# April meeting



## alexopolus

The next club meeting will be the 26th at my place. The topic will be helping Alex to get rid of all the plants and live stock in the pond. Also we are going to have a brief talk about the club organization and future. 
By the way, if anyone has long gloves please bring them to the meeting!


----------



## digital_gods

How long? Like I'm going in long?


----------



## TanyaQ2000

lol....i want those


----------



## TanyaQ2000

posted on fishbox forum


----------



## bsboust

i'll be there


----------



## gonzoman

Would this be a good place for me to come to look into becoming a member?


----------



## TanyaQ2000

gonzoman said:


> Would this be a good place for me to come to look into becoming a member?


absolutely!


----------



## gonzoman

I will be there with bells on. I am starting up a large aquarium and will be looking to purchase a load of plants, cheap preferably. Specially grasses and ground covers... I am looking forward to meeting you guys. I have already gotten really good tips from Michael and Digital Gods. Thanks guys. 

I have a German and his 16 year old daughter staying with me. His daughter has a small planted tank as well. She would love this! Can they come along? 

Incidentally, everyone should have a live in German guest for a while. Their taste in beer is spectacular!


----------



## TanyaQ2000

gonzoman said:


> I will be there with bells on. I am starting up a large aquarium and will be looking to purchase a load of plants, cheap preferably.

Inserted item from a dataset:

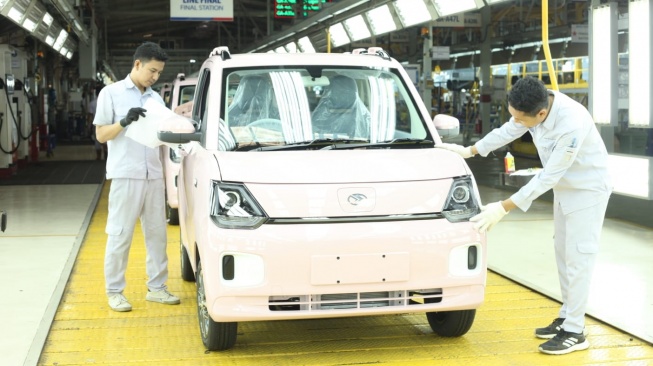 Mobil Listrik Seres E1 Mulai Diproduksi di dalam di Dalam Negeri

If you become a member, $20 annually, then all plants are free. We don't sell plants to other members on this forum. looking forward to meeting you.


----------



## TanyaQ2000

Alex, send me the meeting location as I have misplaced it. I have several on Fishbox inquiring. I think we'll have a good turn-out


----------



## TanyaQ2000

thanks, Alex

I have the address if anyone needs it...replying to those on Fishbox now


----------



## alexopolus

gonzoman said:


> I will be there with bells on. I am starting up a large aquarium and will be looking to purchase a load of plants, cheap preferably. Specially grasses and ground covers... I am looking forward to meeting you guys. I have already gotten really good tips from Michael and Digital Gods. Thanks guys.
> 
> I have a German and his 16 year old daughter staying with me. His daughter has a small planted tank as well. She would love this! Can they come along?
> 
> Incidentally, everyone should have a live in German guest for a while. Their taste in beer is spectacular!


They are welcome to come.

Alex


----------



## aquarium hippy

I just noticed this is on a Sunday, hopefully we eventually have a Saturday meeting as I work on Sunday's and will likely never get to go on a Sunday. I hope the meeting is a success and wish the best of luck to all of you.


----------



## CrownMan

Hey Jason,

If your plant needs are within the next few weeks, you can PM me and I can make myself available on a Saturday to do a trimming. I have 8 planted tanks and 2 or 3 need trimming every few weeks. Let me know and we can setup a time. I have tanks I could be trimming tomorrow they are so overgrown.


----------



## aquarium hippy

Oh i dont really need anything just really want to get in the loop ev everyone here thinks I'm crazy


----------



## lrulff

Please Alex PM me your address.


----------



## TanyaQ2000

lrulff said:


> Please Alex PM me your address.


pm sent

i thinking the 'upcoming meetings' sticky is now working....thanks Tugg


----------



## mooncon

Do you need me to bring a sump pump so we can get the water out after plant and livestock removal.Are you trying to save the pond or are we going to just cut it in to pieces and take it up.If we are going to cut it up I can bring a saw to do that also.I cant remember if its in the ground or above ground,i can bring just about any tools we need to either take it up in one piece or destroy it to get it out just let me know which way were going with the removal.


----------



## TanyaQ2000

I know the pond is in ground, level with his yard and that's why we're taking it out so it isn't a hazard to his son. I say bring the whole damn tool shed, Danny!


----------



## CrownMan

I'll bring the Crown and some 5G buckets.


----------



## mooncon

are you bringing that much crown that we will need to mix it in 5 gallon buckets


----------



## Virc003

TanyaQ2000 said:


> I know the pond is in ground, level with his yard and that's why we're taking it out so it isn't a hazard to his son. I say bring the whole damn tool shed, Danny!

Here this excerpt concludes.